Wednesday, January 20, 2010

Inches of Water

Twitter Sonnet #103

Wild horses will relax when you're cloaked.
Time for the belle minotaur to decide.
The round track architect was always coked.
It's the same cardboard cylinder inside.
Only good brothels may service Wonka.
Lime candy carpet coats the upstairs floor.
Zangief paid the new girl to blow Blanka.
Electricity leaves her somewhat sore.
Wind and rain to-day knocked out the power.
Some strange keys somehow showed up in my car.
Two umbrella hands point to each hour.
To rain runoff, the gutter is a star.
Elicit sandwiches subdue the cops.
Spiders disguised as lilies steal raindrops.


It's been raining pretty hard for days. I've just gotten back from grocery shopping in it--hopefully I won't need to go back out until Friday. I ate at Subway Sandwich while I was out and listened to an apparently mentally impaired police officer talk to the employees, enjoying his sandwich so much that he loudly said, "Yeah, baby!"

I have the home page on my browser set to go to a random article on Wikipedia, and when I opened Firefox earlier I saw this article about a Polish settlement with one resident.
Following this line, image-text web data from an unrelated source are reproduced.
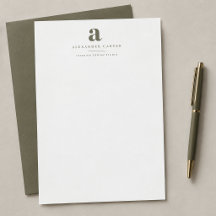 Modern Minimalist Monogram Olive Green Business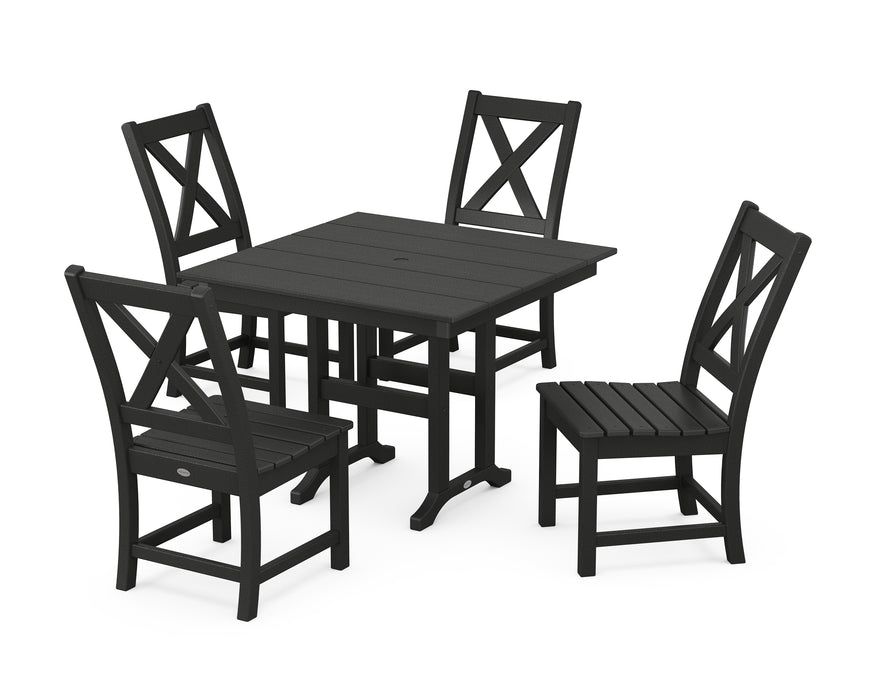 POLYWOOD Braxton Side Chair 5-Piece Farmhouse Dining Set in Black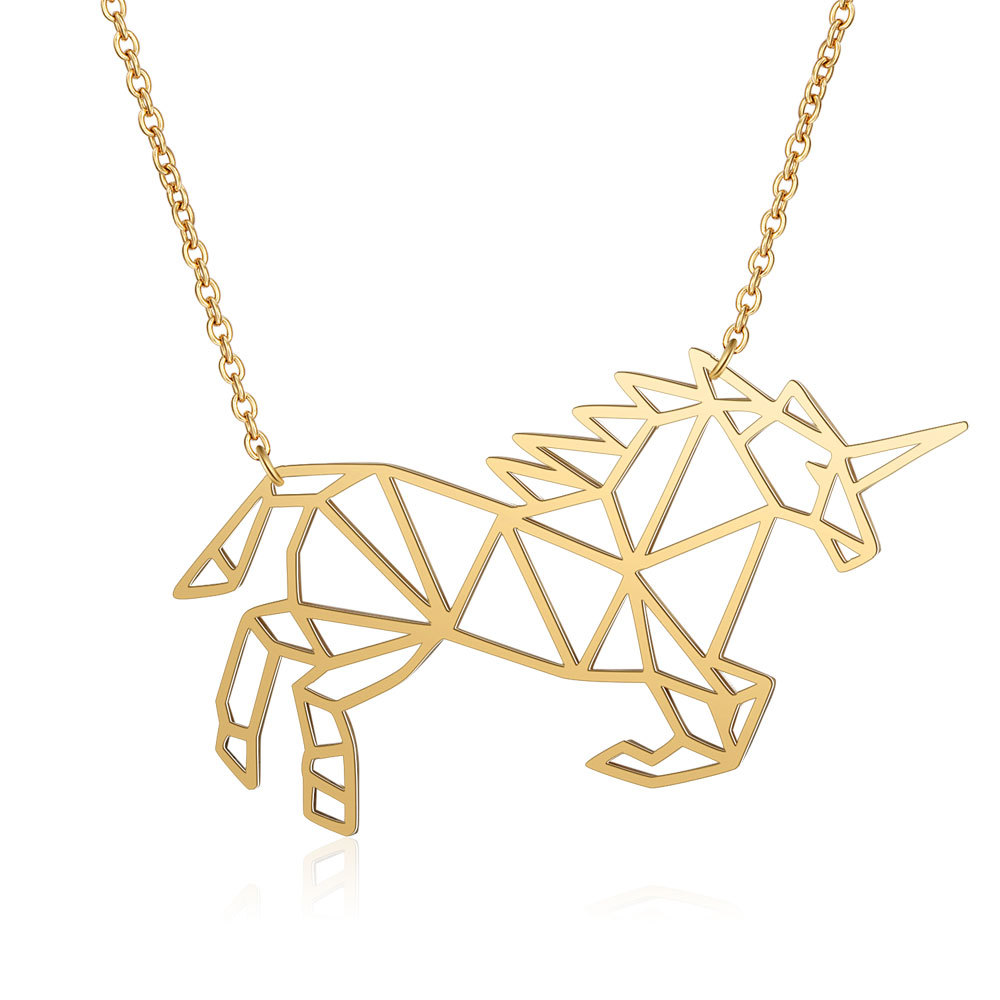 Vintage Style Horse Stainless Steel Polishing Plating 18k Gold Plated Pendant Necklace display picture 6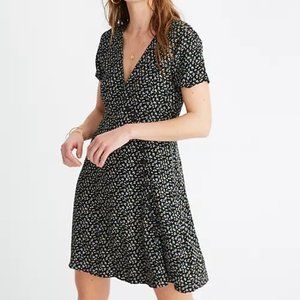 Madewell Black Floral Button-down Dress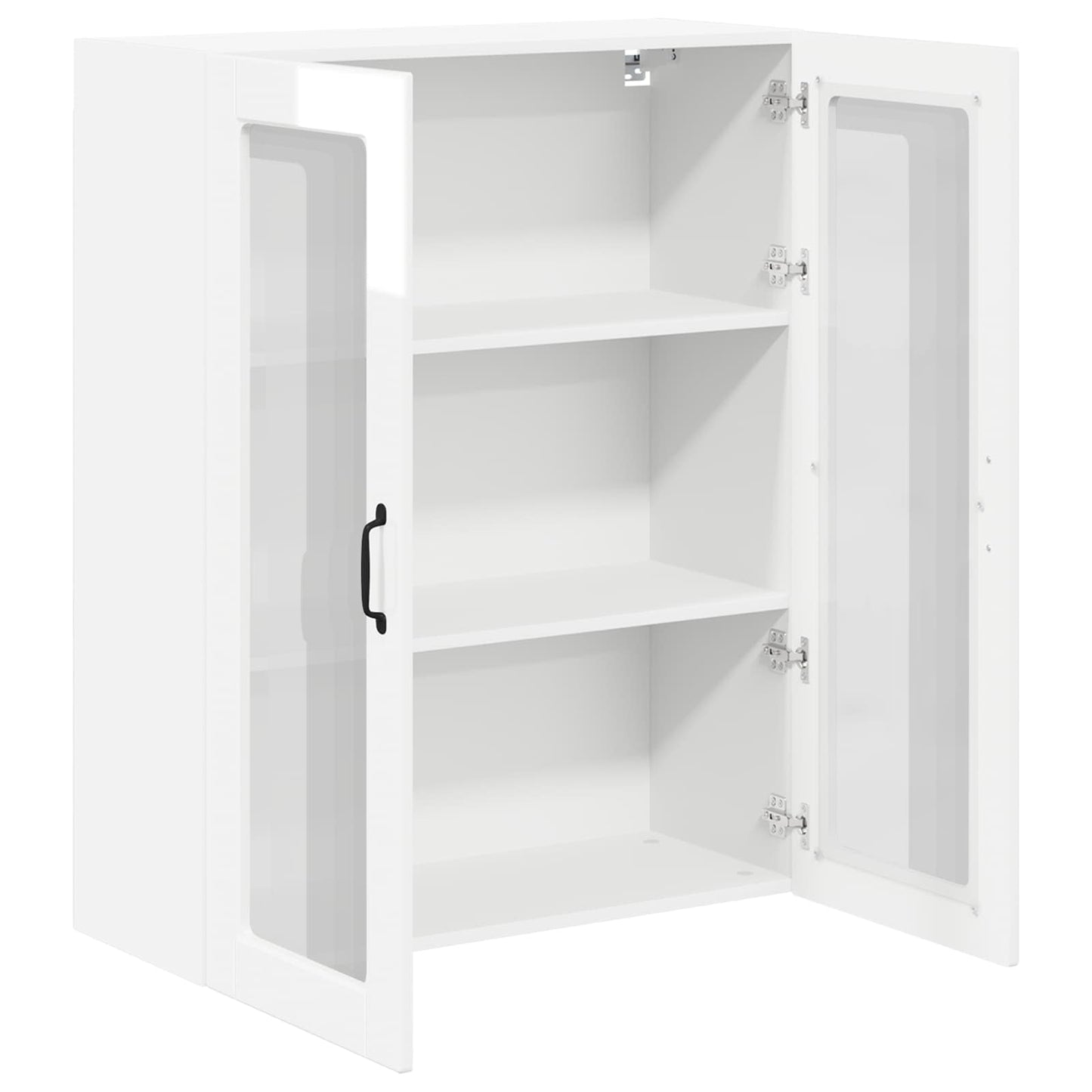 Wandglas-Schrank LUCCA Hochglanz Weiß 80 x 31 x 100 cm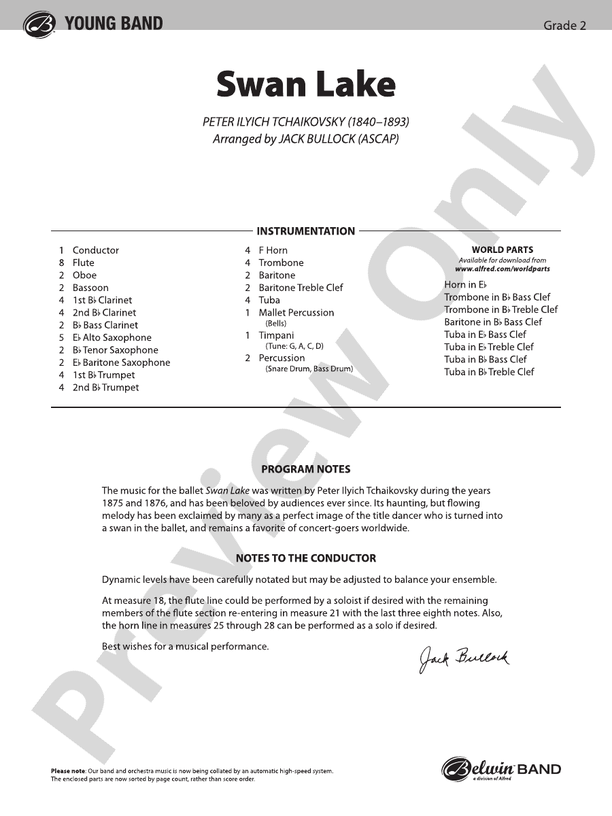 Swan Lake - Concert Band Conductor Score & Parts (Digital Download)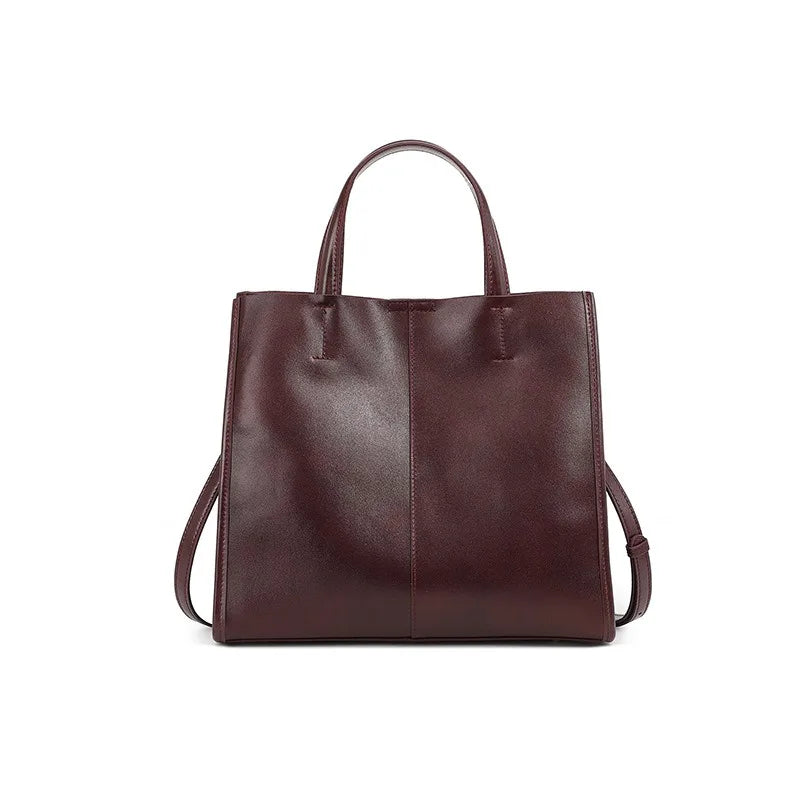 Genuine Leather New Simple Shoulder Bag Large Capacity Shopper Luxury Casual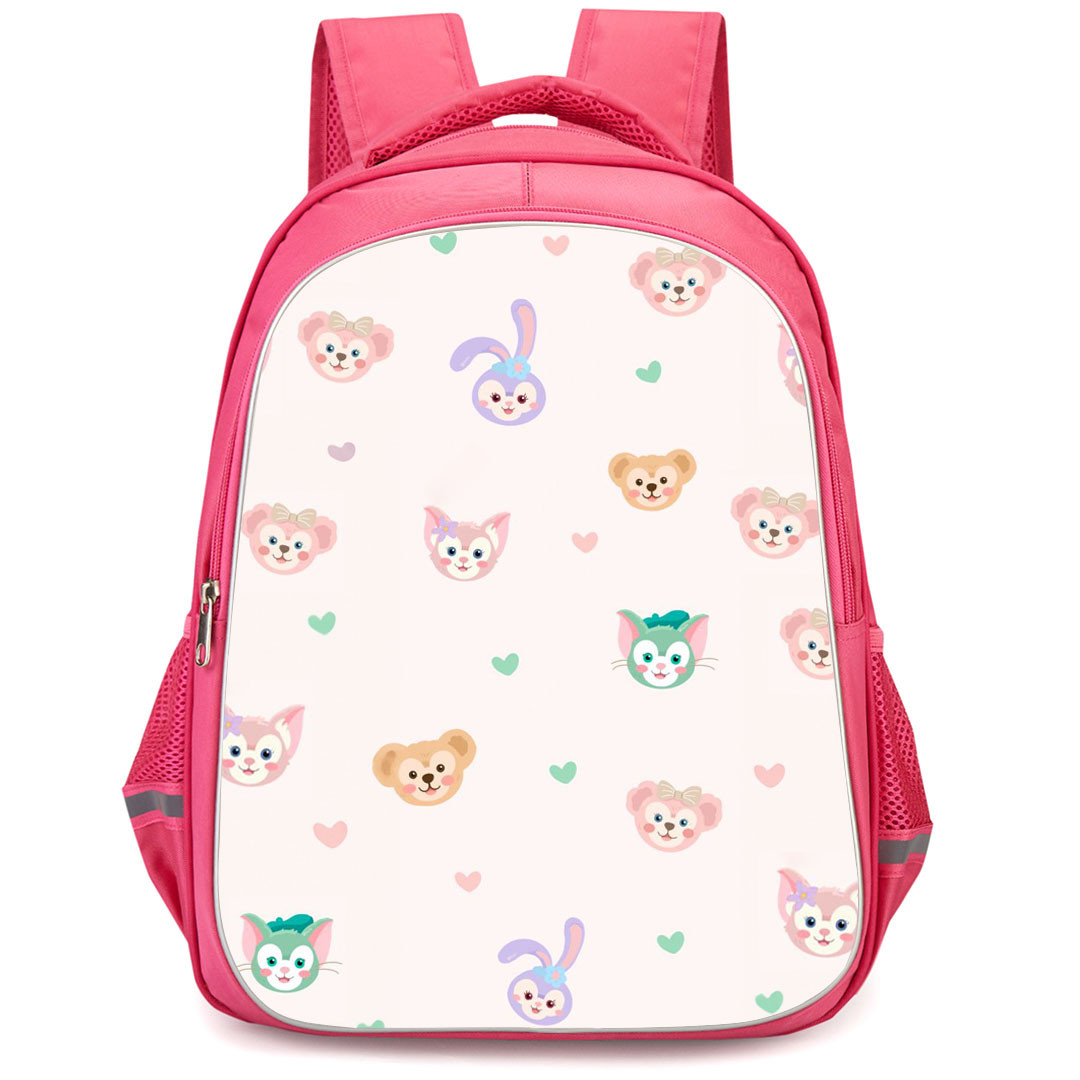 Duffy And Friends Backpack StudentPack - Duffy And Friends Avatar Pattern Art Beige Background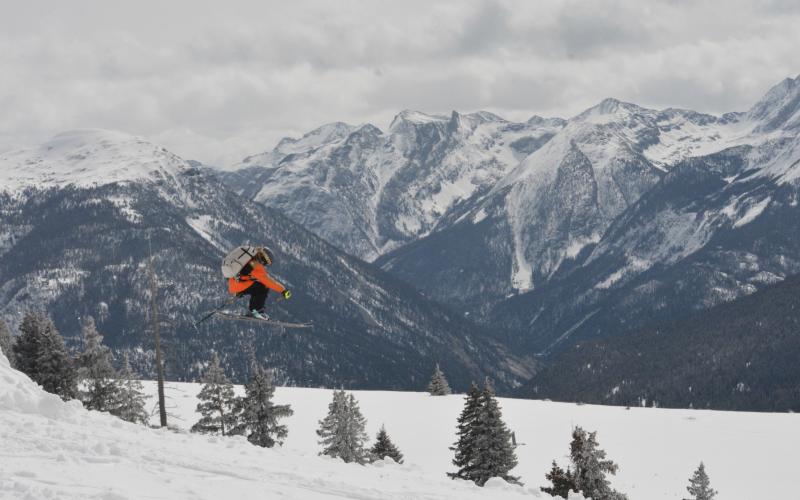 Silverton Local Griff Pinto flies off the jump at this first annual snow jump event. Photo credit Double A Gelande event
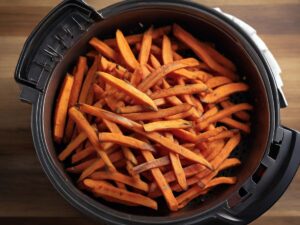 Arranging Frozen Sweet Potato Fries in Air Fryer Basket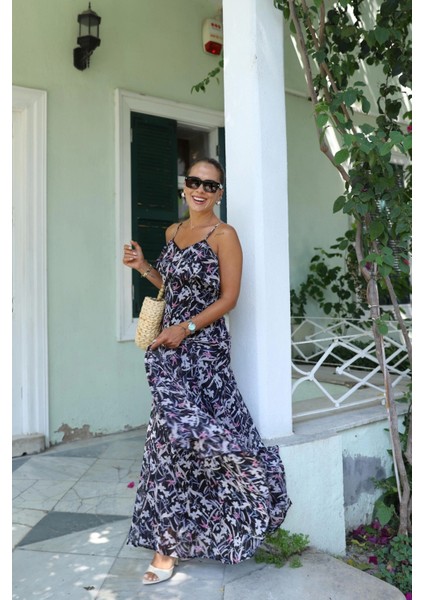 Lacivert Askılı Çiçek Desen Şifon Elbise indirimleri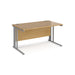 Maestro 25 cable managed leg straight office desk Desking Dams Oak Silver 1400mm x 800mm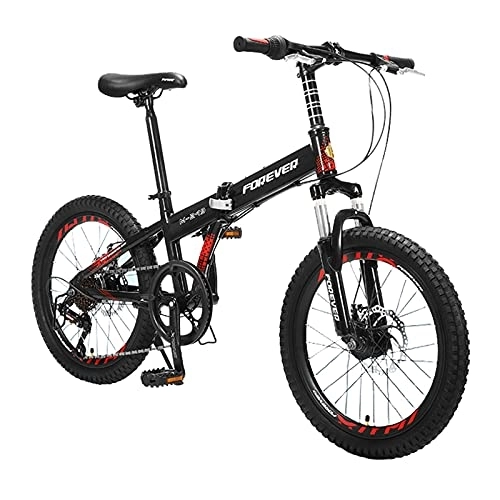 Folding Bike : ZXQZ Foldable Mountain Bike, Male and Female 6-speed Off-road Children's Bicycle, Bearing 85kg (Color : Black)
I don't know how an article about that settlement can't even mention the person's name.

I dreamt last night I was out for a long walk and forgot to bring my camera. I consequently saw several interesting things, including a spider that looked like an upside down lily with the stamens being the spider's legs and a bunch of really friendly, pale grey, smiling mice with long noses. Maybe it's time I read Alice's Adventures in Wonderland again.

A couple weeks ago, I was at Tim's house when he got American McGee's Alice working on his computer. Like all adaptations of the Alice books, it's missing a lot, but it's actually an extremely good game with some of the best atmosphere I've ever seen in a video game. Chris Vrenna's score is part of it, but even more crucial is the constant ambient noises, especially a persistent creaking noise like you're in a wooden structure slowly pulling itself apart or a giant upset stomach.

I watched the final episode of Angel last night. So ends the Buffyverse viewing saga I began eight months ago. It's incredibly obvious Angel went before it's time--the ball had just gotten rolling with Illyria, Spike was still settling in. I guess Angel's death, despite being a successful show, was one of the early signs of the death of expensive fiction shows on television.

It was a good episode, despite Wesley going out like a sucker. I mean, couldn't he have been a little better prepared for his fight with the guy on dialysis? Whatever happened to his ever present firearms? But I liked Illyria's stuff, Angel signing away his prophesied salvation, and how Adam Baldwin beating Illyria up made him seem especially threatening. I gotta read the comics.